Place Where You Live:

San Francisco, California

Downtown San Francisco

If you listen close enough you can hear the rhythm. Cables cars roar down hills, grey fog whispers past your ears, buildings everywhere house the noise of hipsters reading Kerouac, coffee cups hitting wooden table tops, and musicians bobbing to old jazz and Glenn Miller. This is the sound of San Francisco. This is the way my heart beats.

I grew up here going to Ocean Taqueria and taking walks to Alta Plaza Park where I fell in love for the first time and tried to write music. On crisp mornings I would take my dog on walks and crest the tops of concrete hills to see the Golden Gate Bridge glowing in all of her glory. Sunny days were often spent staring up at shifting clouds above Dolores Park. Stormy days were filled with trips to Toy Boat for double ice cream scoops on stale sugar cones. Humming horns lulled me to sleep when dense fog rolled in and blanketed the city streets. San Francisco is the place I call my home.

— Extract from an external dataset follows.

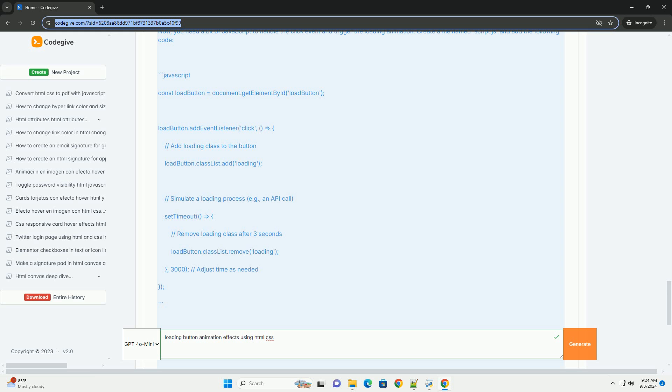By incorporating these animations, developers can improve the perceived performance of their applications, making them feel more responsive.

Now I am on the MUNI. People-packed buses that waft with smells of body odor, flowery perfume, and beer usually trigger my claustrophobia, but with the firm pull of a yellow cord I find relief. Stepping off at the intersection of Baker and California I walk up to a black gate and enter the same 5-digit code I’ve been typing in for the past 23 years. As I enter and catch one more look towards a street of uphill parked cars, a part of me wishes that San Francisco could close its gates behind me too and keep me here forever.